Anyway, in this picture, we just got back from handing out French toast baskets. These grand baskets include homemade bread, fresh eggs, and local maple syrup. It's a fun, inexpensive, homemade gift to give. And if you time it for a weekend, you can bet your winter hay the receivers will be frying up that battered bread the next morning. I don't know any breakfast food as good as fresh-bread, backyard-egg French toast. Why, I'm salivating at the thought right now...

Looking at that photo makes me a little excited. It hasn't really snowed here yet. What did fall barely coated the ground—but when it does come, we'll be ready. I'm looking forward to that first real dump. If I'm lucky it'll happen on a weekend, if I'm really lucky, a Friday night. To wake up on a Saturday with nowhere to be and nothing to do, and just coated in fresh powder in a cabin in the's something else. You sleep in, stoke up a roaring fire, and never leave the place. If you do leave your place by the fire, it's only to chop by the woodpile or tend the animals. It is s a wonderful, wonderful feeling to dedicate your day to such primal comforts. When this little cabin gets covered in a few inches, you'd swear time slows down. One side of a record seems to play for hours. In a few weeks we'll have that. To be on the safe side I'll keep stacking cordwood, order more heating fuel, and have the furnace serviced. All that will get done and we'll be okay. but let's let tonight be about wishful thinking, and possibly French toast for dinner...

Tuesday, November 10, 2009

win a hand-crank radio!

If you read this blog, you may be familiar with the term CSA. It stands for Community Supported Agriculture. CSAs depend on their community to keep small farms running. They work like this: you the consumer pay a couple hundred bucks in advance and that pays for startup costs, planting, buying livestock, etc.
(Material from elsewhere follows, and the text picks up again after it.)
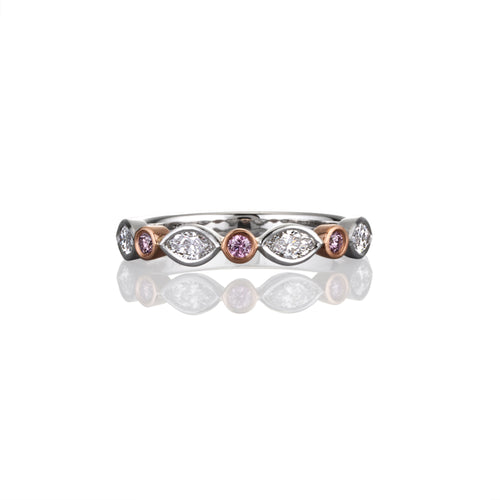 Argyle Pink Diamonds interwoven with white diamonds in a platinum and rose gold ring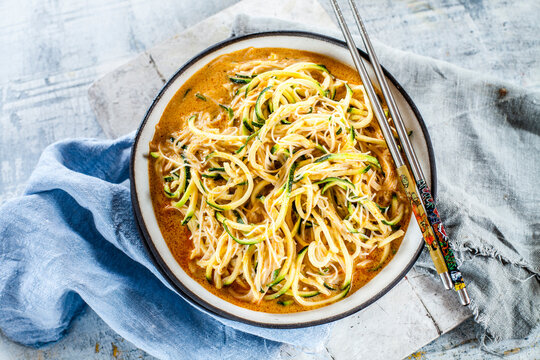 Asian style noodle soup with glas noodles and zoodles in red curry broth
Then you get a delivery of fresh local food every week of the growing season, as a return for your good faith and investment.

Well, we're going to have a CSA-style giveaway here, but the community is you and the agriculture you're supporting is Cold Antler Farm. Here's how it works, super simple: To be entered in the drawing to win the brand new Eton FR160 self-powered radio all you need to do is tell someone about this blog and comment about how you told them about it here. The plan is to get some new readership, and help the site popularity grow. All I'm asking is you tell one person who doesn't know about this blog, but may like, about it and send them the link. You can do this via email, or over the phone, or waiting for an elevator at the office. Doesn't matter to me, the point is to spread the word about a girl and her sheep and get a few more like minds here and on the forums.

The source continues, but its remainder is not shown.